**Exercise details**
Each record below should be set down exactly.

**Material to process**
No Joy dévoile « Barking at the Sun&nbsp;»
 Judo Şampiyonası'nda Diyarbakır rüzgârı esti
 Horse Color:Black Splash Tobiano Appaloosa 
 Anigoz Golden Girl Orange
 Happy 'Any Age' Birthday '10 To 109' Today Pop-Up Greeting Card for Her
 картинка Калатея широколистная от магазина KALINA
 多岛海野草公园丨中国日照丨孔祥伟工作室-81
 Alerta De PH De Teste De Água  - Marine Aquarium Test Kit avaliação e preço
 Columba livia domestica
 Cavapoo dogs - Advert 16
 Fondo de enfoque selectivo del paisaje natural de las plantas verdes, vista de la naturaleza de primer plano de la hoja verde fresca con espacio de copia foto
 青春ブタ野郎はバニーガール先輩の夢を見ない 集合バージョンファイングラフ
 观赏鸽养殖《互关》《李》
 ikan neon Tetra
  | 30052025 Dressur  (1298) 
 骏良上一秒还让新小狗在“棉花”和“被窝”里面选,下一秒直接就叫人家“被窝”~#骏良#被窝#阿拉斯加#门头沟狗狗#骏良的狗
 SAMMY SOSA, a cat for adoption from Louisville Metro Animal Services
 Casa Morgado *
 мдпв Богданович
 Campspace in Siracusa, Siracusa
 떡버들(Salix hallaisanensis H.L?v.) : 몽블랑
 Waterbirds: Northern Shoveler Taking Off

**Answer for this exercise**
No Joy dévoile « Barking at the Sun&nbsp;»
 Judo Şampiyonası'nda Diyarbakır rüzgârı esti
 Horse Color:Black Splash Tobiano Appaloosa 
 Anigoz Golden Girl Orange
 Happy 'Any Age' Birthday '10 To 109' Today Pop-Up Greeting Card for Her
 картинка Калатея широколистная от магазина KALINA
 多岛海野草公园丨中国日照丨孔祥伟工作室-81
 Alerta De PH De Teste De Água  - Marine Aquarium Test Kit avaliação e preço
 Columba livia domestica
 Cavapoo dogs - Advert 16
 Fondo de enfoque selectivo del paisaje natural de las plantas verdes, vista de la naturaleza de primer plano de la hoja verde fresca con espacio de copia foto
 青春ブタ野郎はバニーガール先輩の夢を見ない 集合バージョンファイングラフ
 观赏鸽养殖《互关》《李》
 ikan neon Tetra
  | 30052025 Dressur  (1298) 
 骏良上一秒还让新小狗在“棉花”和“被窝”里面选,下一秒直接就叫人家“被窝”~#骏良#被窝#阿拉斯加#门头沟狗狗#骏良的狗
 SAMMY SOSA, a cat for adoption from Louisville Metro Animal Services
 Casa Morgado *
 мдпв Богданович
 Campspace in Siracusa, Siracusa
 떡버들(Salix hallaisanensis H.L?v.) : 몽블랑
 Waterbirds: Northern Shoveler Taking Off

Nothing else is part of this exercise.